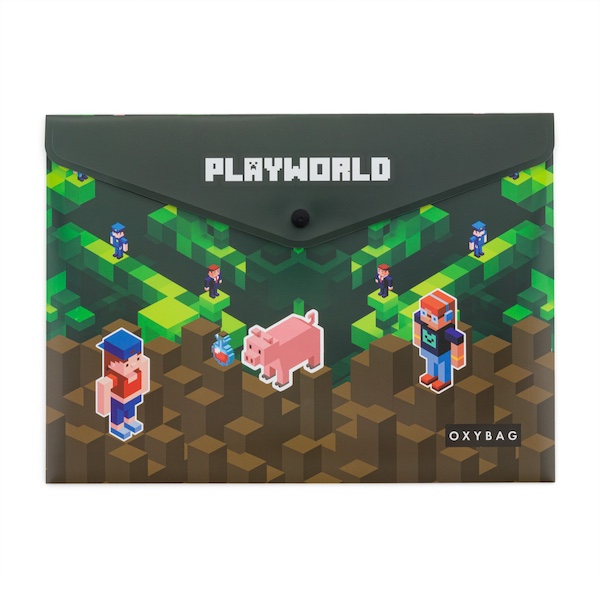 Levně Psaníčko s drukem A4 Oxybag Playworld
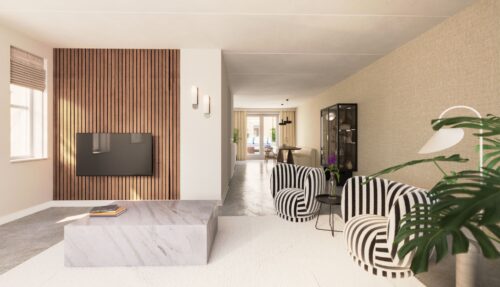 Westeinderhage, Kudelstaart: nieuwbouw woningen (tweekap en vrijstaand) op loopafstand van de Westeinderplassen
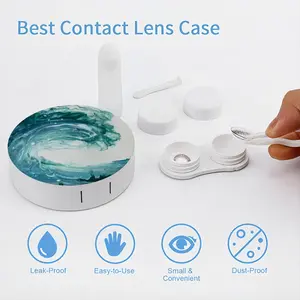 Wave Contact Lens Case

• [YOUR GOAL]: Each line of the data must be transcribed exactly; pictures are not carried over.

• [THE COMPLETED TASK]:
 Levně Psaníčko s drukem A4 Oxybag Playworld
 Westeinderhage, Kudelstaart: nieuwbouw woningen (tweekap en vrijstaand) op loopafstand van de Westeinderplassen
 Wave Contact Lens Case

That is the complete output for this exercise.